Die Pension Tannenheim

Nach dem Tod des Müllers Kaspar Keßler heiratete die Witwe Paulina vermutlich Ende der 1860er Jahre den zehn Jahre jüngeren Müller Fridolin Jehle. Die Witwe brachte vier Kinder und ein Grundstück mit in die Ehe. Auf diesem Grundstück im Gewann Hausmatt errichtete Fridolin Kessler im Jahr 1878 eine Schleifmühle. Das Triebwasser führte der Müller aus dem Dresselbach über einen schmalen Kanal auf das Mühlrad. In der Schleifmühle wurde kein Korn gemahlen, sondern mit Hilfe eines großen Schleifsteins Werkzeug geschärft. Noch im Jahr 1887 drehte sich das Mühlrad, 1890 indes scheint der inzwischen 55 Jahre alte Fridolin Jehle das Müllerhandwerk aufgegeben zu haben. Er verdiente jetzt seinen Lebensunterhalt als Fuhrmann. 1907 nahm der alte Jehle noch Tagelöhnerarbeit an.

Von der Mühle zur Pension

Im August 1934 erteilte das Bezirksamt Neustadt der Mathilde Rogg, eine geborene Kiefer, die Erlaubnis zum Betreiben der »Pension Tannheim« mit fünf Fremdenzimmern, einem Frühstücksraum und einem Speisezimmer. Ausdrücklich war auch der Ausschank an die Hausgäste erlaubt. Später war Hildegard Hasford Eigentümerin. Sie erhielt im März 1936 vom Bezirksamt die Genehmigung, das alte Schindeldach durch ein Ziegeldach zu ersetzen. Ausdrücklich wurde aber gefordert, dass die »Baustoffe von deutschen Händlern zu beziehen« seien. Anfang April 1936 erhielt sie dann die Erlaubnis zum Betreiben der »Pension Tannenheim« mit zehn Fremdenzimmern und einem Frühstücks- und Speisezimmer sowie die Genehmigung zum Ausschank alkoholfreier Getränke an ihre Hausgäste.
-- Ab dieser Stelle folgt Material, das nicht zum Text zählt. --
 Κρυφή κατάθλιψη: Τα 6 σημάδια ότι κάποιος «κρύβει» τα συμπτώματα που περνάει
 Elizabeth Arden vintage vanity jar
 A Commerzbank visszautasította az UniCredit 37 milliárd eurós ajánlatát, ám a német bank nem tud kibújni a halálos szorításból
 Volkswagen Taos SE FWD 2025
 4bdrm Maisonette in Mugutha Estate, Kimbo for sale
Die Pension nach dem Krieg

Im April 1945 besetzten die Franzosen den Ort und beschlagnahmten die Hotels und Pensionen – allerdings nicht die "Pension Tannenheim". Deren 25 Betten waren nämlich bereits durch Bombenflüchtlinge belegt. Auch eine Martha Lutz wohnte dort. Die Besatzer nahmen ihr im Juli 1945 ihr Radiogerät weg. Nachdem die Evakuierten wieder in ihre Heimatstädte zurückgekehrt waren, vermietete der neue Pensionsinhaber Karl Bronner Anfang 1946 an drei Familien. Da kündigte die Organisation »Tourisme et travail« an, dass bald schon Franzosen am Schluchsee Urlaub machen würden. Im Mai 1946 trafen 160 Erwachsene ein, die in die Hotels Schiff und Sternen und die Pensionen Hilss und Mattenhof einquartiert wurden.
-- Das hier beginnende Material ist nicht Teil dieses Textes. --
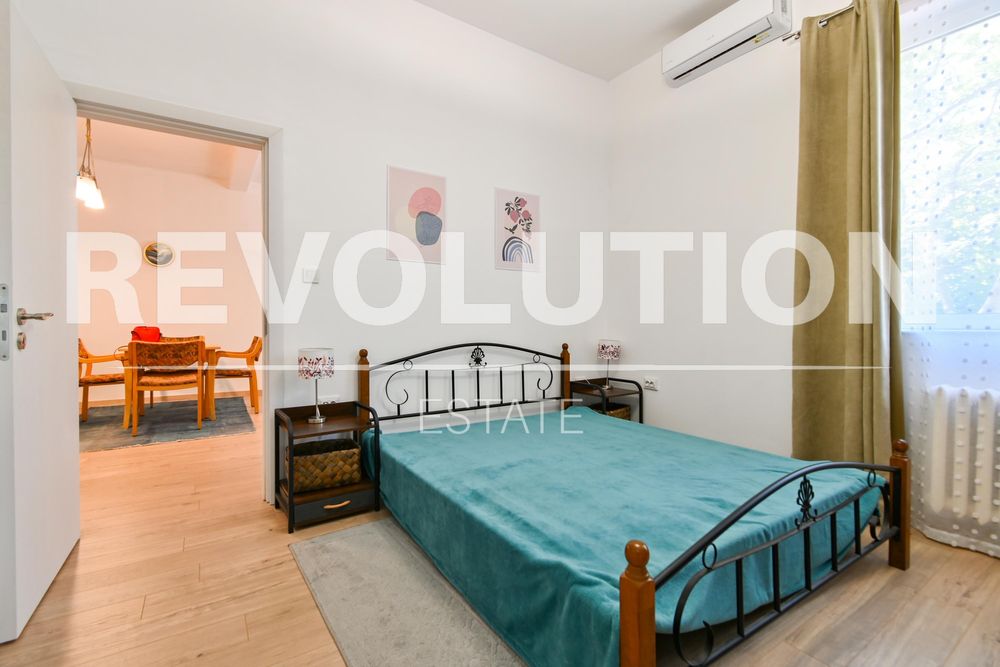 Дава се под наем Двустаен апартамент в София, Център - 60 кв.м за 800 € - Снимка #9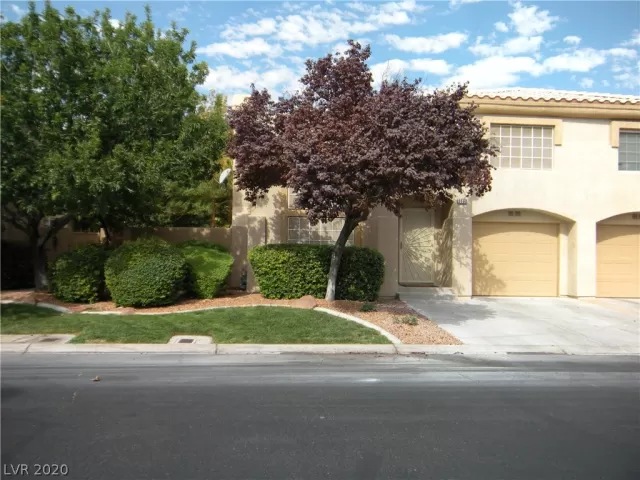 MLS: 2227027 Condo For Sale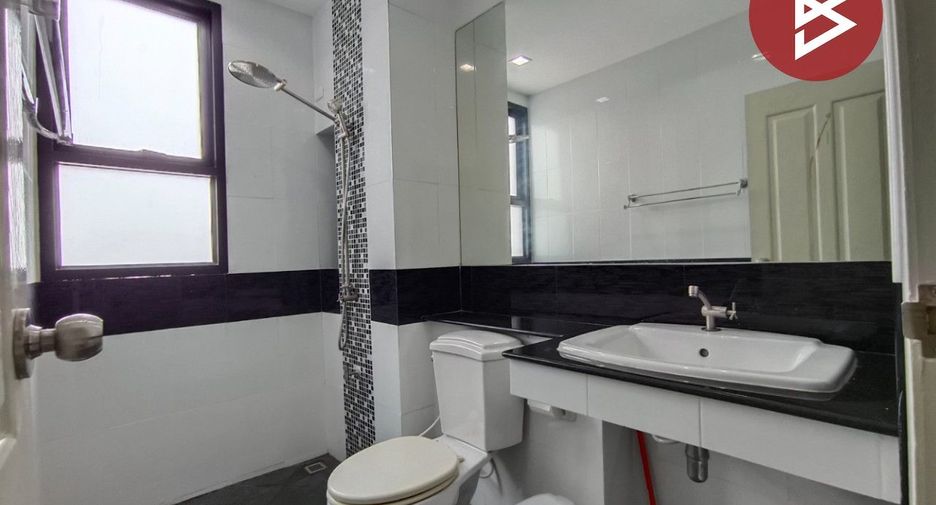 For sale 3 bedrooms townhouse in Mueang Samut Prakan, Samut Prakan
Französische Ferienkinder in der »Pension Tannenheim«

Aber auch französische Kinder waren angekündigt. Die »Pension Tannenheim« sei gut geeignet, teilte der kommissarische Bürgermeister Rohrbach der Organisation »Colonies des Vacances« mit, da die Pension früher schon einmal als Kinderheim genutzt worden sei. Es müssten allerdings erst »die zur Zeit im Tannenheim wohnenden drei Familien ausquartiert und für sie eine neue Wohnung gesucht werden.« Dann wurden vier Pensionen, darunter das Tannenheim beschlagnahmt. Ende Mai 1946 trafen 110 französische Ferienkinder ein, wurden in den Pensionen untergebracht und gemeinsam im Gasthaus Schwörer verpflegt. Auch ein Jahr später, im Mai 1947, kamen die Kinder der »Französischen Ferienkolonie« wieder und sollten erneut zum Essen in das Gasthaus Schwörer. Da es dort aber kein Geschirr und Besteck mehr gab, zog man die Pensionen heran. Die »Pension Tannenheim« gab eine große und vier mittlere Fleischplatten sowie elf Suppenteller ins Gasthaus Schwörer ab.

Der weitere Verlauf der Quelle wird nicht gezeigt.